GIVEN RECORDS:
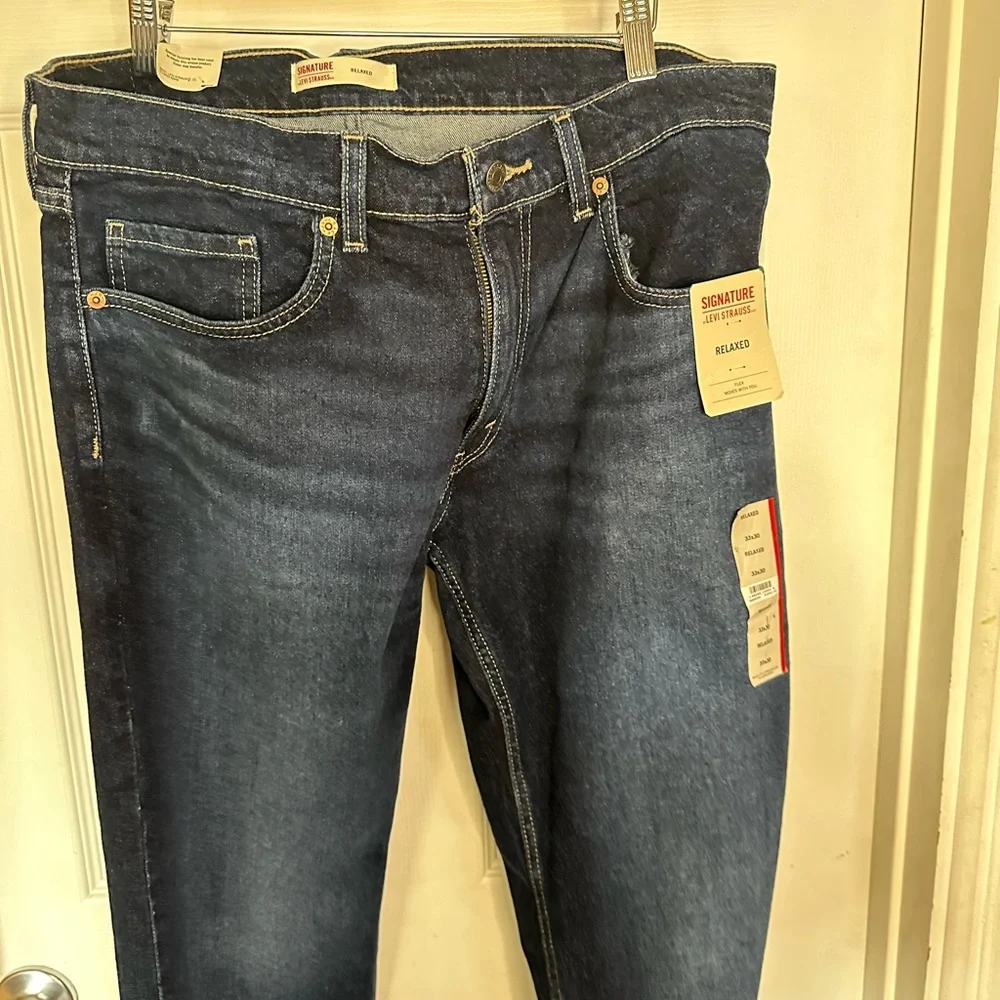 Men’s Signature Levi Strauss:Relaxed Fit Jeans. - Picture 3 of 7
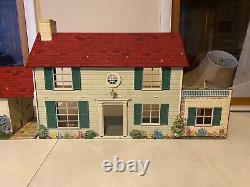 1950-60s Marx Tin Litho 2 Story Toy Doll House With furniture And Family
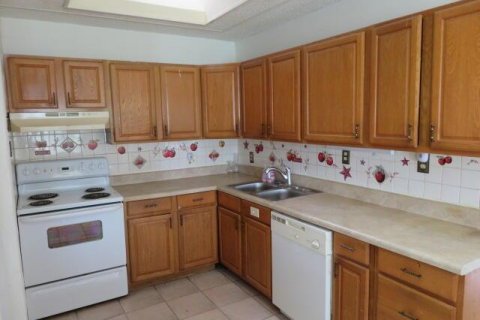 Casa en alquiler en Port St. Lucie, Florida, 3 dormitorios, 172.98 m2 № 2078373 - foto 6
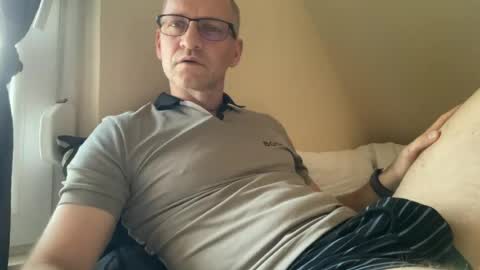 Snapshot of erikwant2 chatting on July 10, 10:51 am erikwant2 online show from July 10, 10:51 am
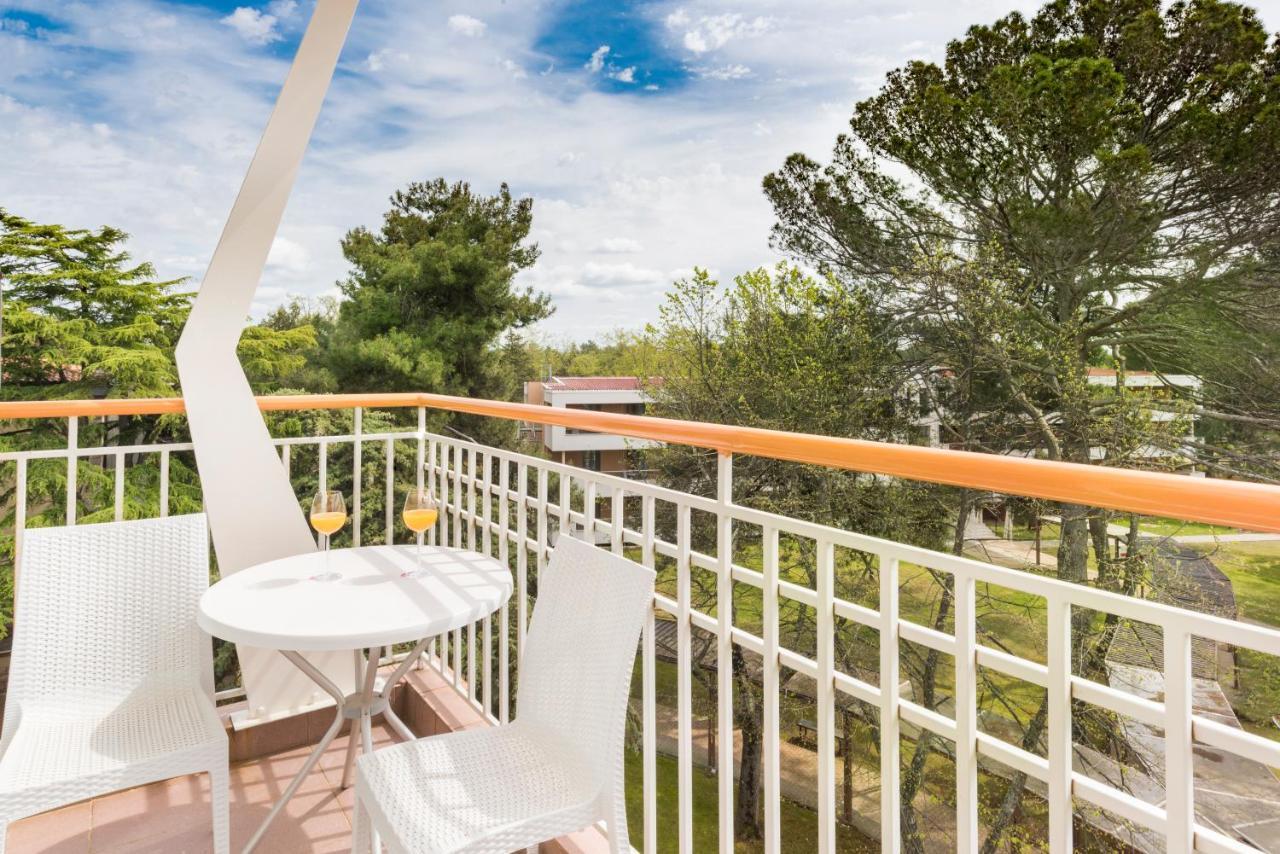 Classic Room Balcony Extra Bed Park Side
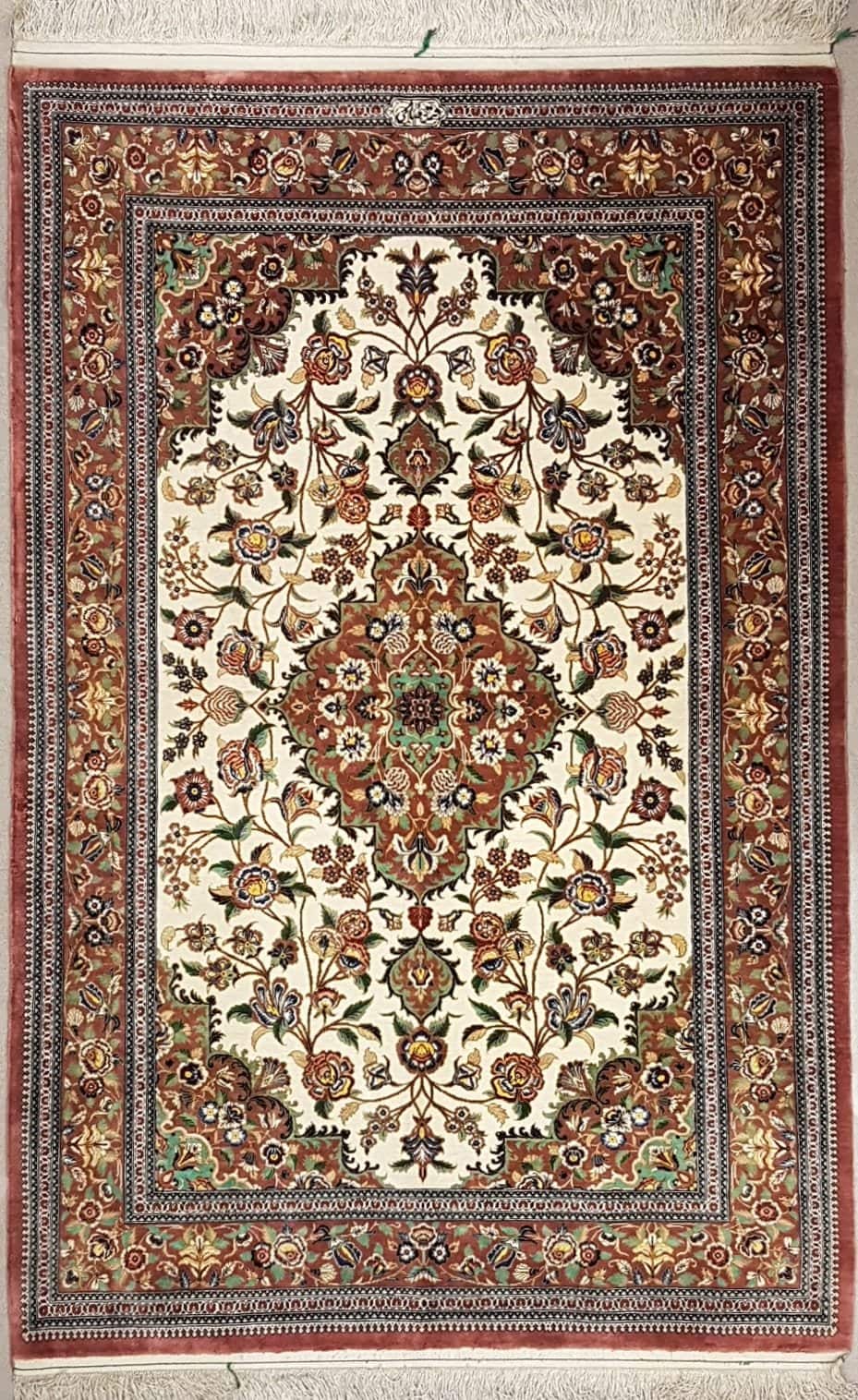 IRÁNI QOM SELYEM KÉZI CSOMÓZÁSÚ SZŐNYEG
---
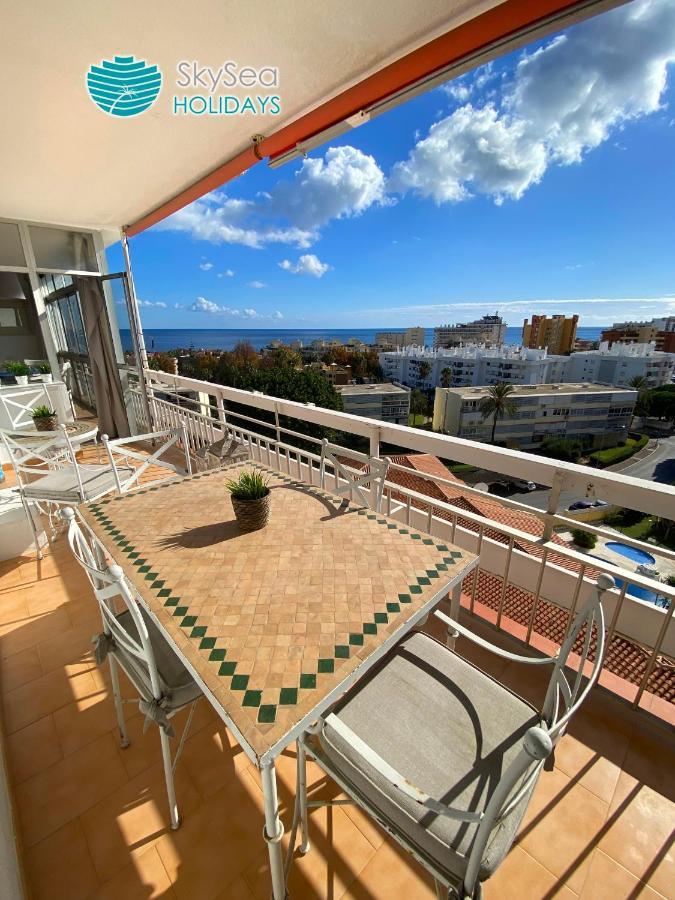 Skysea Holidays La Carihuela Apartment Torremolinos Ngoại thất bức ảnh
---
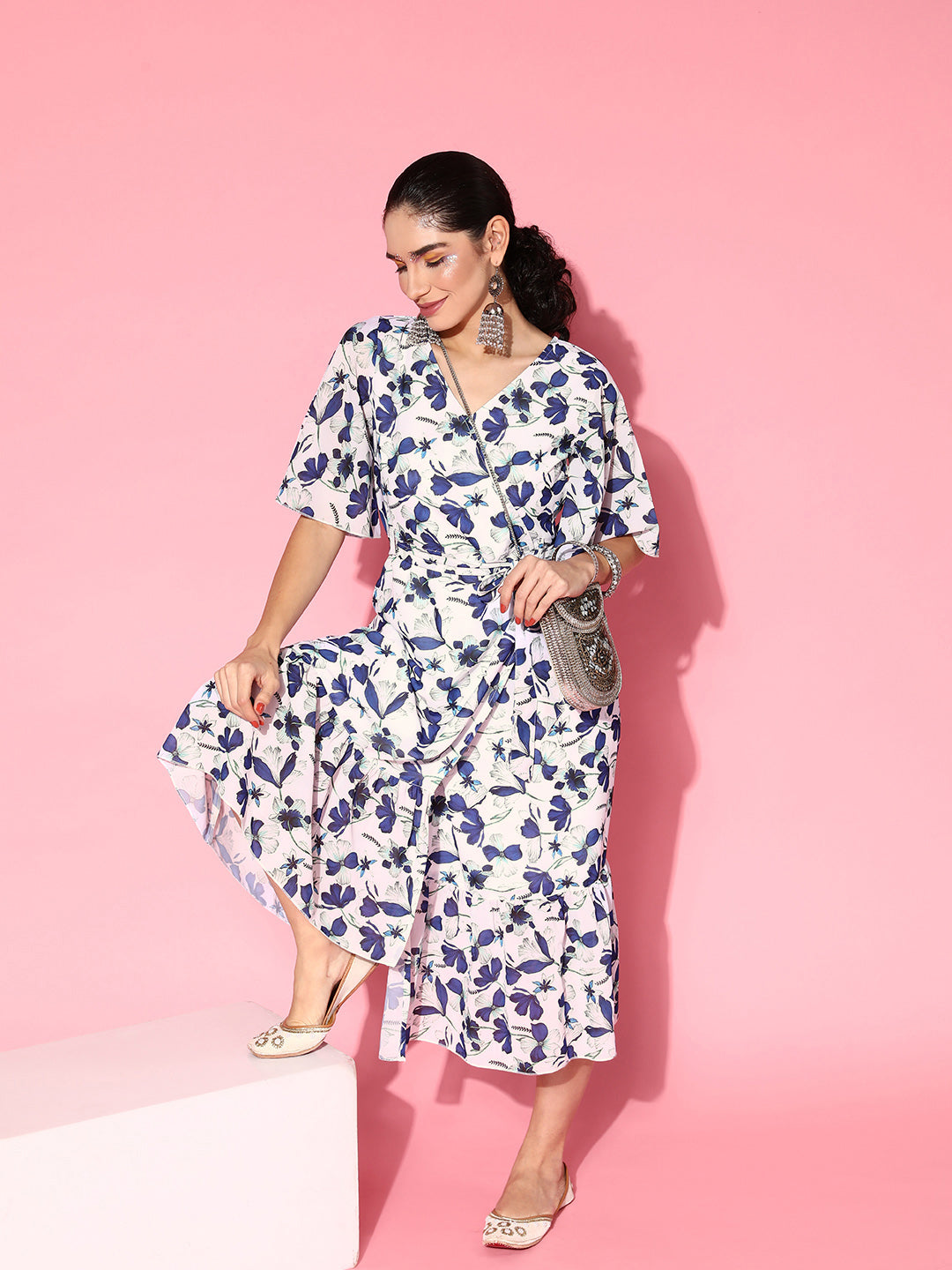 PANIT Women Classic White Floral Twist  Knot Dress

PROBLEM TO WORK ON:
Please repeat, exactly as written, the lines in the records above, starting with the one that has "Classic Room Balcony Extra Bed Park Side" and going on through the one that has "IRÁNI QOM SELYEM KÉZI CSOMÓZÁSÚ SZŐNYEG". Pictures are to be left out.

RESPONSE:
 Classic Room Balcony Extra Bed Park Side
 IRÁNI QOM SELYEM KÉZI CSOMÓZÁSÚ SZŐNYEG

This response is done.